Exercise requirements >>
Repeat the lines of the data exactly and exclude any picture among them.
[Opening Information shown section]
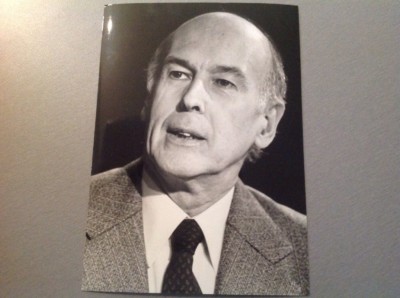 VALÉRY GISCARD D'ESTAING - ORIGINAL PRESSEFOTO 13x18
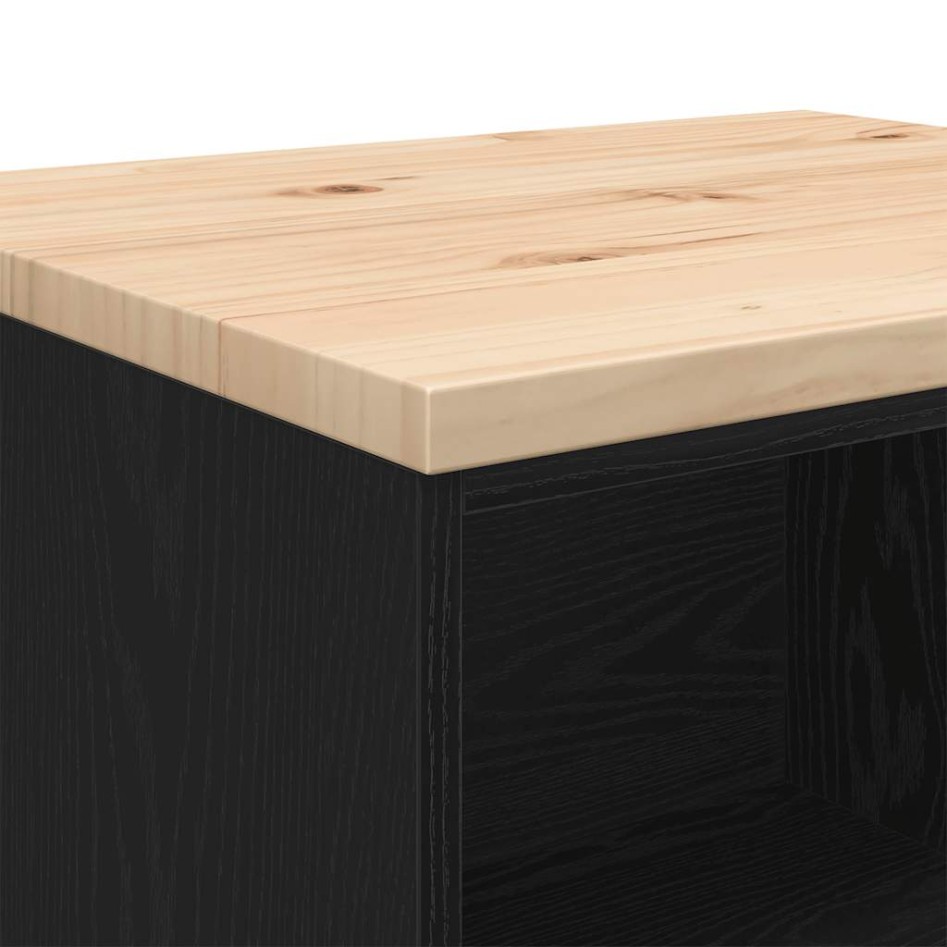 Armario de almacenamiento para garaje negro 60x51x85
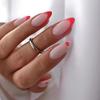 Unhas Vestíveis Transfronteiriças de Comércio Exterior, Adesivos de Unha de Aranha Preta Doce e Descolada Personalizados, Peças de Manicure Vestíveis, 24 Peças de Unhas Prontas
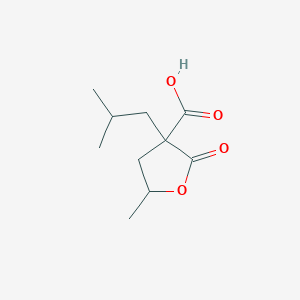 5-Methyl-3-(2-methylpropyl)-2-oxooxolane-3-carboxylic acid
[Closing Information shown section]
Result for this task >>
 VALÉRY GISCARD D'ESTAING - ORIGINAL PRESSEFOTO 13x18
 Armario de almacenamiento para garaje negro 60x51x85
 Unhas Vestíveis Transfronteiriças de Comércio Exterior, Adesivos de Unha de Aranha Preta Doce e Descolada Personalizados, Peças de Manicure Vestíveis, 24 Peças de Unhas Prontas
 5-Methyl-3-(2-methylpropyl)-2-oxooxolane-3-carboxylic acid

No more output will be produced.